Owning property before marriage
According to a survey on home ownership before marriage carried out by Hunjia (a Chinese database) as of 2019, over 70% of single respondents born after 1995 stated that they wanted to buy a property before marriage. Likewise, over 80% of female respondents perceived that owning a property is a crucial prerequisite for marriage.
This societal ‘norm’ stems back to generations. Traditionally, to secure a good marriage, grooms would pay the in-laws with either land, gold, or a horse to show off their high economic and societal status.
The majority of young Chinese think buying a home before getting married would increase their sense of belonging and security.
This practice typically known as bridewealth is still in many ways practiced today, as instead of land, owning a flat prior to marriage is considered very important for one’s prospects for a stable relationship.

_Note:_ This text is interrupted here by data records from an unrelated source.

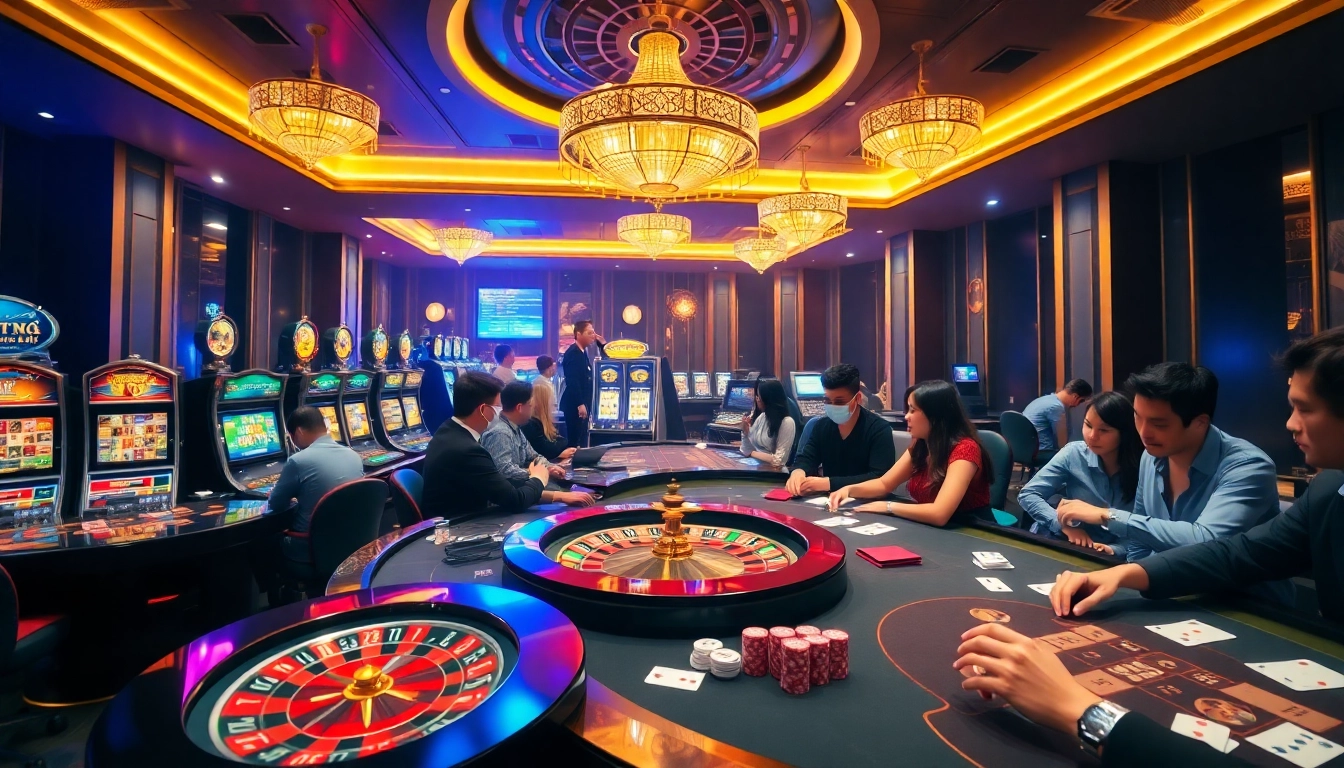 Exciting casino scene showcasing LIÊN MINH KJC with poker tables and vibrant slot machines.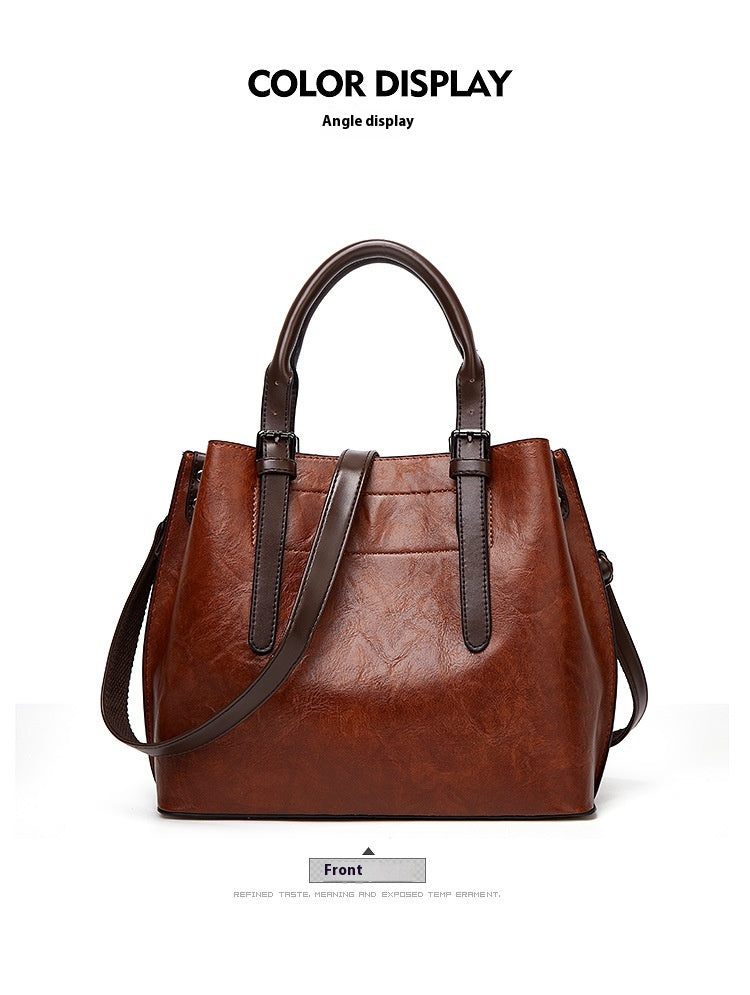 Retro Handbag Contrast Shoulder Women Bag Big Bag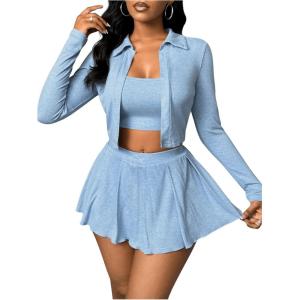 imageSOLY HUX Womens Sexy 2 Piece Mini Skirt Sets Birthday Club Outfits Rave Concert Partywear Tennis Outfits SetPure Blue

Buying a home is a huge achievement and in China, it has become the modern enactment of bridewealth for grooms to show off one’s financial ability to their potential wife’s parents.
Aside from the practice of ‘bridewealth’, according to a survey on home purchasing behaviour carried out by Beike Research Institute in July of 2021, around 75% of respondents both men and women aged 21 to 40 thought that buying a home before getting married would increase their sense of belonging and security. Similarly, many Chinese feel that buying a home can improve their quality of life and gain a foothold in property rights. For example, education, under the Hukou System (China’s registered resident system), children’s admission rights are strongly connected to this. And so, both women and men aim to buy property in a good catchment area for their future children.
Is this practice realistic?
The reality of achieving this cultural prerequisite in today’s property climate is becoming more and more difficult. Despite the slight increase in residential home sales and a dip of 0.2% in average new home prices, there is a growing number of unfinished homes which has caused many Chinese homeowners to consequently postpone their marriage and other future arrangements.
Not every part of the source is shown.